Just got the word that I'm moving to London for work and this forum has been fantastic for sorting through various issues to prepare for.  The one that is really hurting my head is sorting through the various options for electronics.  I think I've figured it out but was hoping someone could let me know if I've got it right.

I currently have (all North American/NTSC):
Panasonic TH-50PZ85U Plasma TV
Pioneer VSX-918V AV Receiver
Wii
PS3

Right now, tv and PS3 go into the receiver and then into the TV via HDMI.  Wii goes in via components.

To watch digital broadcast programming in the UK, if I am going to use HDMI, then I will be fine as is with Freeview and an HD PVR purchased in the UK.  Is this correct?  Or would I still need to buy a PAL-NTSC converter like this ( newcomer link: http://www.avtoolbox.co.uk/avt1670.shtml [nonactive] ) and have to connect the HD programming via component inputs?  If I do need to use this converter, is the picture somewhat distorted or do you still get a perfect HD signal into the tv?  I called Panasonic and they confirmed the TV as is will not play PAL.

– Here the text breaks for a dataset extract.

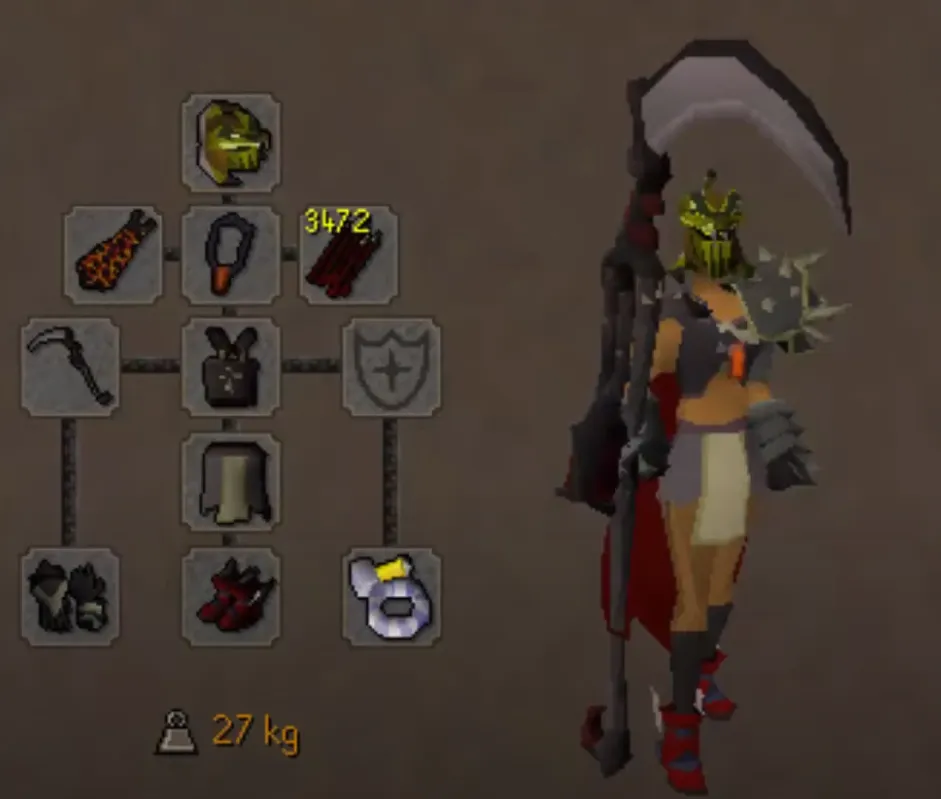 What Gear To Buy Next OSRS Gear Progression Guide  NovaMMO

To watch new dvds and blurays purchased in the UK, we would need to buy a new DVD player, as the PS3 is not crackable to play both PAL and NTSC like some DVD players are.  But we could buy a new Bluray player in the UK and enable it watch both PAL and NTSC disks.   Again correct?

However, games for the PS3 are not region coded, so new PS3 games purchased in the UK would work on  the US PS3?  For Wii, no such luck so new Wii games would require a UK Wii?

And for the receiver, since this is just passing signals through it, it doesn't matter at all.  It's just a question of the NTSC/PAL compatibility of the TV and the component trying to talk to it.  Correct?


Would it simply be easier for us to sell everything over here and buy comparable used components in the UKand watch the old DVD/Blurays via a computer set up as a media server for the TV?  Work will cover the shipping (I think) so that isn't an issue.  I just want to figure out what is the most cost effective and least headache way to watch HDTV and new DVD/Blurays bought in the Uk while still being able to watch the 200 or so DVDs we already own.